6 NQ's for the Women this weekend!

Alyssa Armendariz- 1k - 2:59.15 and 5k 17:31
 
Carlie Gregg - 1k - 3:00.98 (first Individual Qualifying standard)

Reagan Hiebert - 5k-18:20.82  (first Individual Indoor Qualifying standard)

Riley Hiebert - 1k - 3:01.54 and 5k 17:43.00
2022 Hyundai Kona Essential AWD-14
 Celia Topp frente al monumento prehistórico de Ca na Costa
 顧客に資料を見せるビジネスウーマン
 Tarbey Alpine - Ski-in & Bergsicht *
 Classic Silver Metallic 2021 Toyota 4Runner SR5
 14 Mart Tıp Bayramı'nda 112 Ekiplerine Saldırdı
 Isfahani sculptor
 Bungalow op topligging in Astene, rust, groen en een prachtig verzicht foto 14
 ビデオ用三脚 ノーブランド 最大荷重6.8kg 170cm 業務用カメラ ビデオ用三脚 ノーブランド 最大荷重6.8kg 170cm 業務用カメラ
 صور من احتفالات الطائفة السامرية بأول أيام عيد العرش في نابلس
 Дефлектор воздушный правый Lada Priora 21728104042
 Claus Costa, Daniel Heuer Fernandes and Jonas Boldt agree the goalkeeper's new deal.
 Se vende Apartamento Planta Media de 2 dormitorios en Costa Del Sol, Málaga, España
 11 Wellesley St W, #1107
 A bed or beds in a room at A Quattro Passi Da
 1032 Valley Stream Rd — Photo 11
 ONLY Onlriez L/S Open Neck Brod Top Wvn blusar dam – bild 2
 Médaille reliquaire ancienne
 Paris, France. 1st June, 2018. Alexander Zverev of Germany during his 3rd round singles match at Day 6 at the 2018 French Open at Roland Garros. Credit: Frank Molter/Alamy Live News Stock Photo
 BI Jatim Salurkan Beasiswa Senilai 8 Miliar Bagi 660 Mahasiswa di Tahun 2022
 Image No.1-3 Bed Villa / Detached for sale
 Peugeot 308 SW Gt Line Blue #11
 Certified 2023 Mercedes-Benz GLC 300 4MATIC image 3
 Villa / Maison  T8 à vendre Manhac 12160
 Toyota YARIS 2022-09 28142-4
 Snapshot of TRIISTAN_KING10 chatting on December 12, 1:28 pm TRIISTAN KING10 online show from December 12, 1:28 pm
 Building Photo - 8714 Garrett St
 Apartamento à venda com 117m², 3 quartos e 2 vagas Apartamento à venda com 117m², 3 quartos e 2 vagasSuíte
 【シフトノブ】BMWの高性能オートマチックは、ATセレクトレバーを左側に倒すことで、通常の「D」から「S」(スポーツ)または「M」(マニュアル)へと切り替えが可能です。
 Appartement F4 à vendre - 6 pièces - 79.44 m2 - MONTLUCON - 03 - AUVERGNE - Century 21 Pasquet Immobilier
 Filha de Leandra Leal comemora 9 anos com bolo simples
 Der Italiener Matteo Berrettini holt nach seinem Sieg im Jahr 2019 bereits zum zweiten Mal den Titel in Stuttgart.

### Task brief
Among the records above, extract exactly the lines from the line with "Certified 2023 Mercedes-Benz" to the line with "Building Photo - 8714 Garrett St", both lines included, and leave out the rest.

### Expected answer
 Certified 2023 Mercedes-Benz GLC 300 4MATIC image 3
 Villa / Maison  T8 à vendre Manhac 12160
 Toyota YARIS 2022-09 28142-4
 Snapshot of TRIISTAN_KING10 chatting on December 12, 1:28 pm TRIISTAN KING10 online show from December 12, 1:28 pm
 Building Photo - 8714 Garrett St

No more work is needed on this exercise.